**Information given**.
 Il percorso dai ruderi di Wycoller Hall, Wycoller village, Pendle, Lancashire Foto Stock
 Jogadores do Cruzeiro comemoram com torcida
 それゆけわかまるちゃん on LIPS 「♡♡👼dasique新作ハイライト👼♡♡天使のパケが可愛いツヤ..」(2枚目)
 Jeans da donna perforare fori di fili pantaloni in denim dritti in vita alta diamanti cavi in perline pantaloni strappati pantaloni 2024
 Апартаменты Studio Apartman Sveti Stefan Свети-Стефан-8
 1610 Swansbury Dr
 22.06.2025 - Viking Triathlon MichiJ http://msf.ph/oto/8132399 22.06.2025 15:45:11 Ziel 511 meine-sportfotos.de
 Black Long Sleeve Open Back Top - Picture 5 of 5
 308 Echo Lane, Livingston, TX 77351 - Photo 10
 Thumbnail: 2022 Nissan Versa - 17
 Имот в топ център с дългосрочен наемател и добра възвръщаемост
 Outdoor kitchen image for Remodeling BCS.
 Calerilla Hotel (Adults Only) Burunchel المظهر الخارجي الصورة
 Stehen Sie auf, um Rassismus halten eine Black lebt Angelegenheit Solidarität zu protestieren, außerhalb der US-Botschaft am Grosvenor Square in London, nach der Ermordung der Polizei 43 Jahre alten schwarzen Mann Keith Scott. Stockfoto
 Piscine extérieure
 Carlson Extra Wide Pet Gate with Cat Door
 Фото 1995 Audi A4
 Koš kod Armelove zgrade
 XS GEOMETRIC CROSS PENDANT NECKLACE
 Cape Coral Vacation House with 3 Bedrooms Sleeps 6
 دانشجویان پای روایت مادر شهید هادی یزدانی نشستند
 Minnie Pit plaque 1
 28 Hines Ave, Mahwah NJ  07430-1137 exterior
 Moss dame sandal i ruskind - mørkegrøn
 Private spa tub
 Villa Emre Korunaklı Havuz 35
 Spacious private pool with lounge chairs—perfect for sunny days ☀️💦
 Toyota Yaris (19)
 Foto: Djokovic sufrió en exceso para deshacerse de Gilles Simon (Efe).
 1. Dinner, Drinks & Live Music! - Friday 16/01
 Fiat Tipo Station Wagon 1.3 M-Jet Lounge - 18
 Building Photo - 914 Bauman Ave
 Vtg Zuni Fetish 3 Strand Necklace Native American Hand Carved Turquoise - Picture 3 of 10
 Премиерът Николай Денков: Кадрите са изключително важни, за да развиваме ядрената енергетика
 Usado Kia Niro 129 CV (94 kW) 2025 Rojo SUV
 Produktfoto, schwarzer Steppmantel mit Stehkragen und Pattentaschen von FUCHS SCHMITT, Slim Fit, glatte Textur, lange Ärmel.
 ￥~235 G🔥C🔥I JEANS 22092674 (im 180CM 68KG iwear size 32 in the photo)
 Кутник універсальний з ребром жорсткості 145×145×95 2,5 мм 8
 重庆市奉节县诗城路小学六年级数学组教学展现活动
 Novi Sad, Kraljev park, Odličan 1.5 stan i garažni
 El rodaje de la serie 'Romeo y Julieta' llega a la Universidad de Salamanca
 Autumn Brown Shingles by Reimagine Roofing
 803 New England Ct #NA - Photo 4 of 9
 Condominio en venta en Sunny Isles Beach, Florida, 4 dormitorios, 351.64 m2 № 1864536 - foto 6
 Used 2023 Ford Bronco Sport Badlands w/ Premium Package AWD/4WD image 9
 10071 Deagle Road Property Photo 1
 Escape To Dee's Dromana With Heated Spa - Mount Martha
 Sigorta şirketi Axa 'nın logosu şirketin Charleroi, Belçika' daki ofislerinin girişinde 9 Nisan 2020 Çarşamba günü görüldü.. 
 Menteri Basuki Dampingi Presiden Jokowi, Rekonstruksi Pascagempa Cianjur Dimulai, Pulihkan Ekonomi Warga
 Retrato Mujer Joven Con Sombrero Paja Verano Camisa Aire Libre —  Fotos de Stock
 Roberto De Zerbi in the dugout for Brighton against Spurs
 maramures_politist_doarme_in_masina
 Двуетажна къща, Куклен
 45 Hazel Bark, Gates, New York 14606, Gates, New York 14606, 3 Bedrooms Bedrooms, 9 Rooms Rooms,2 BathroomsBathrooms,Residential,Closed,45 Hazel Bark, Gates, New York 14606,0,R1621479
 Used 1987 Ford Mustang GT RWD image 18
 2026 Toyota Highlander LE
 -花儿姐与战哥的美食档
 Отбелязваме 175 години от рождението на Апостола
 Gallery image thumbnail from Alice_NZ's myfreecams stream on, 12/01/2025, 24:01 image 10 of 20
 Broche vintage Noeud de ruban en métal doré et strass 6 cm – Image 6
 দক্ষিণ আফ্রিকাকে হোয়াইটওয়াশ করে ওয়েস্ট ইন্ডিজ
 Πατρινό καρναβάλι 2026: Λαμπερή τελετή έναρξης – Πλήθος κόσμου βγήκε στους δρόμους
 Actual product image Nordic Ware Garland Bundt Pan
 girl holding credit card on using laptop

**Work required**. From the records above, transcribe exactly the run of lines that opens with the line holding "Jeans da donna" and closes with the line holding "Calerilla Hotel (Adults", both included.

**Exercise answer**.
 Jeans da donna perforare fori di fili pantaloni in denim dritti in vita alta diamanti cavi in perline pantaloni strappati pantaloni 2024
 Апартаменты Studio Apartman Sveti Stefan Свети-Стефан-8
 1610 Swansbury Dr
 22.06.2025 - Viking Triathlon MichiJ http://msf.ph/oto/8132399 22.06.2025 15:45:11 Ziel 511 meine-sportfotos.de
 Black Long Sleeve Open Back Top - Picture 5 of 5
 308 Echo Lane, Livingston, TX 77351 - Photo 10
 Thumbnail: 2022 Nissan Versa - 17
 Имот в топ център с дългосрочен наемател и добра възвръщаемост
 Outdoor kitchen image for Remodeling BCS.
 Calerilla Hotel (Adults Only) Burunchel المظهر الخارجي الصورة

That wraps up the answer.